**REQUIRED ACTION**
When you reach the line that contains "Navy Blue Knitted Trousers", begin copying exactly, and continue through the last line of the data; no pictures belong in the copy.

*** Begin section ***

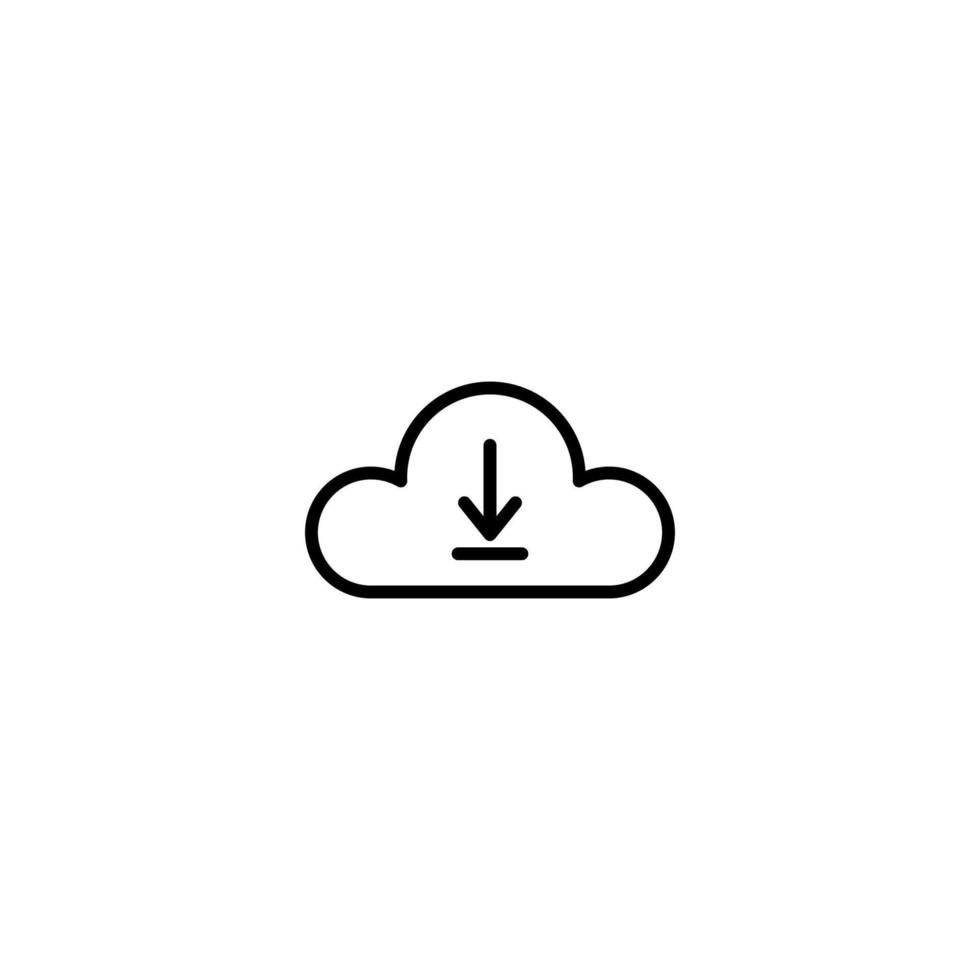 nuvem ícone com esboço estilo vetor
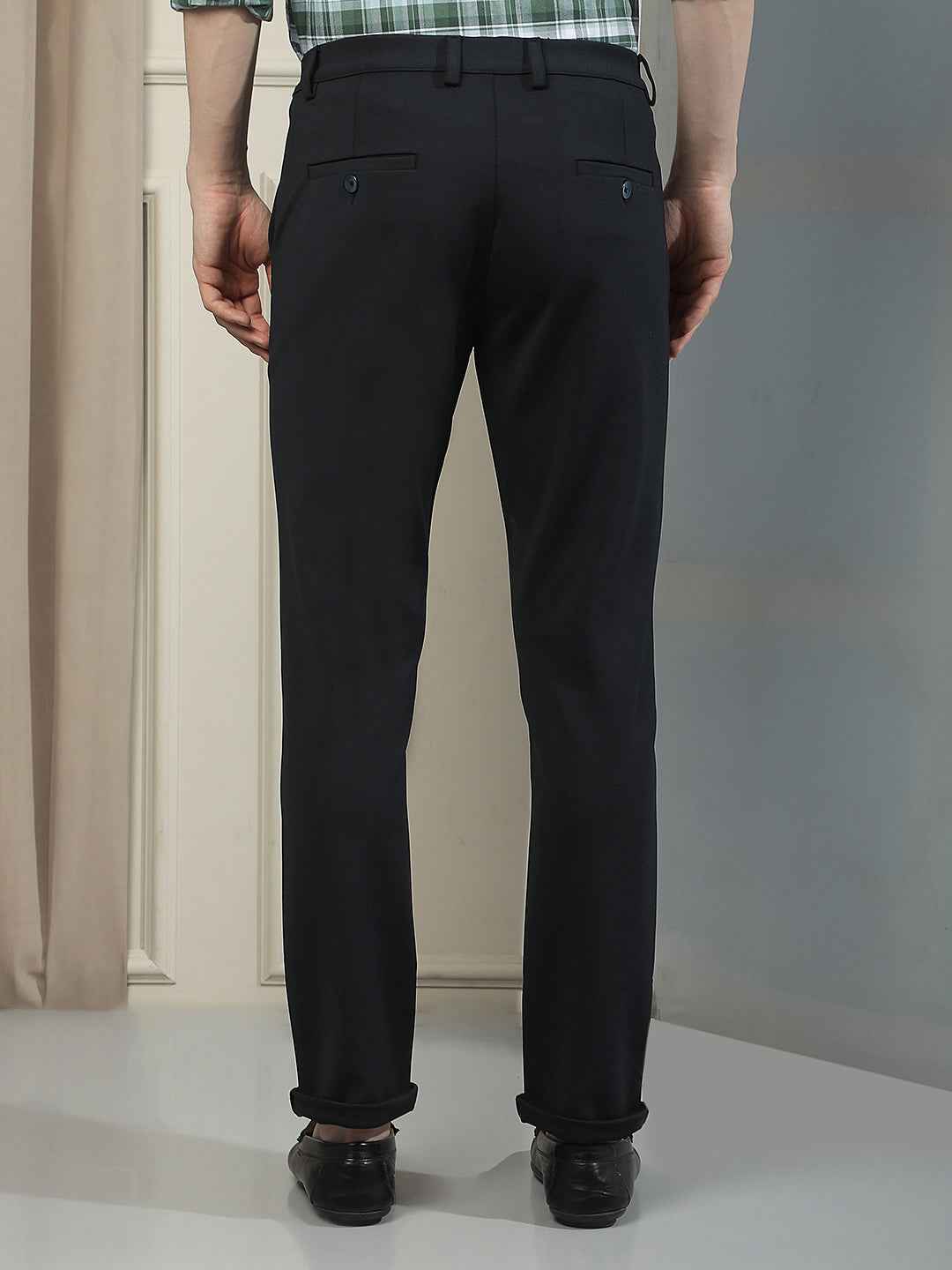Navy Blue Knitted Trousers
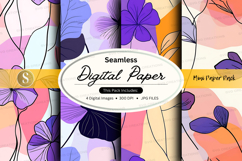Seamless digital paper - floral pattern Product Image 1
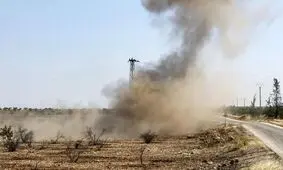 کشته شدن یک روستایی در انفجار گلوله زمان جنگ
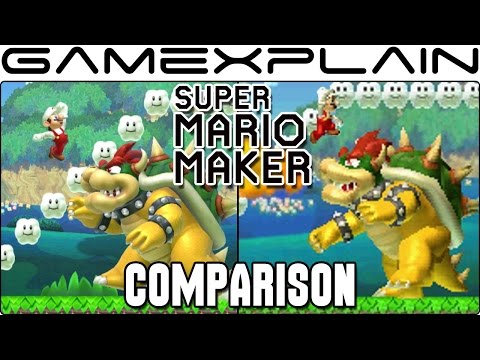 Super Mario Maker 3DS Head-to-Head Comparison (Wii U vs. 3DS ) - UCfAPTv1LgeEWevG8X_6PUOQ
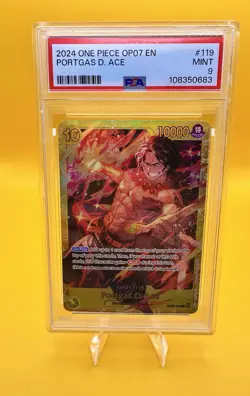 PSA 9 Portgas D. Ace OP07-119 SEC One Piece 500 Years in the Future English - Image 1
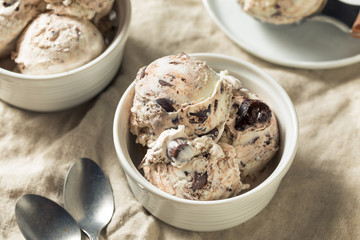 Homemade Moose Tracks Ice Cream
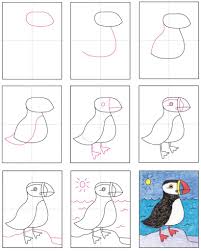 How To Draw A Puffin Art Projects For Kids Compatible with windows 7 (sp1) and 10. to draw a puffin art projects for kids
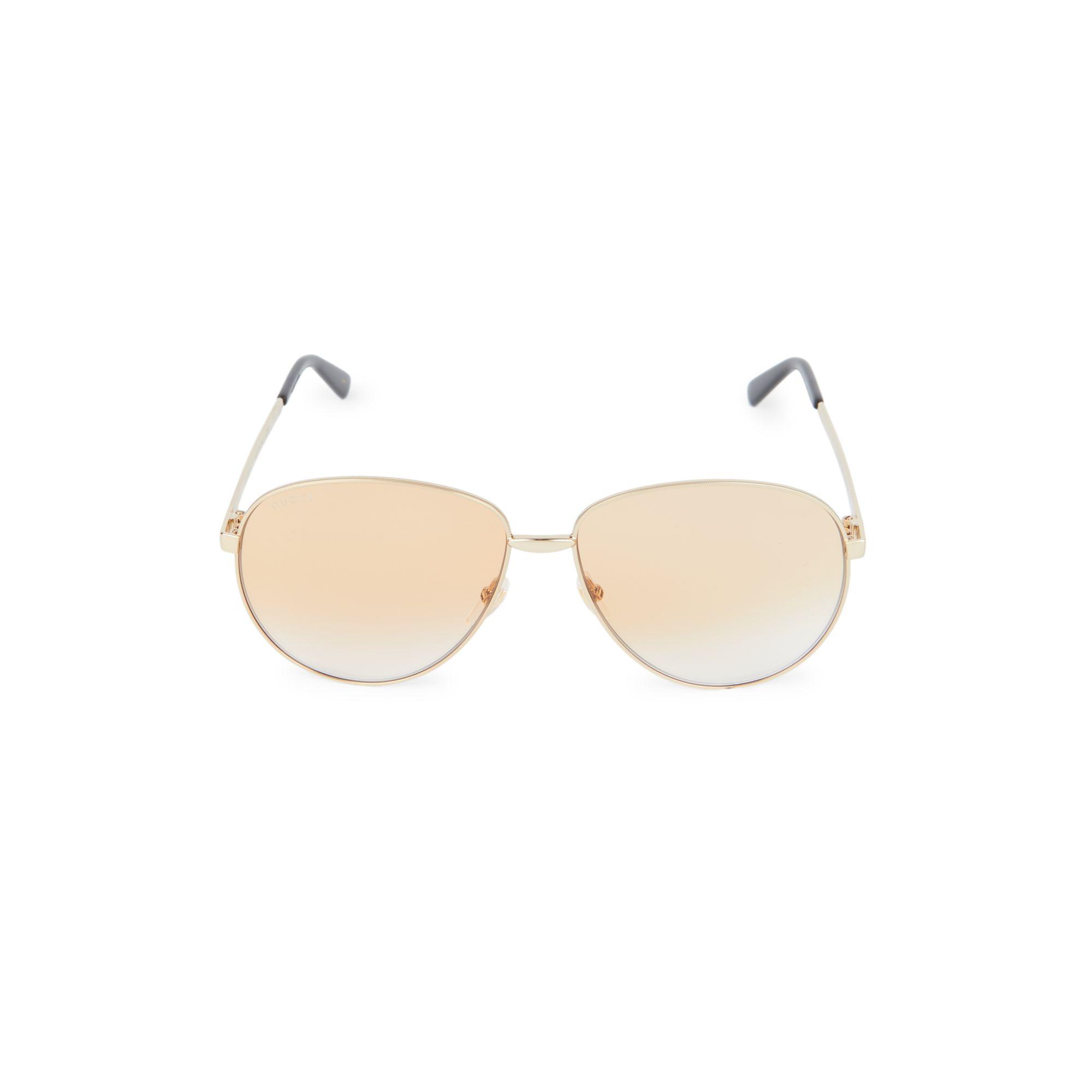 gucci 61mm aviator sunglasses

*** End section ***

**RESULT**
Navy Blue Knitted Trousers
Seamless digital paper - floral pattern Product Image 1
 کشته شدن یک روستایی در انفجار گلوله زمان جنگ
 Super Mario Maker 3DS Head-to-Head Comparison (Wii U vs. 3DS ) - UCfAPTv1LgeEWevG8X_6PUOQ
 PSA 9 Portgas D. Ace OP07-119 SEC One Piece 500 Years in the Future English - Image 1
 Homemade Moose Tracks Ice Cream
 How To Draw A Puffin Art Projects For Kids Compatible with windows 7 (sp1) and 10. to draw a puffin art projects for kids
 gucci 61mm aviator sunglasses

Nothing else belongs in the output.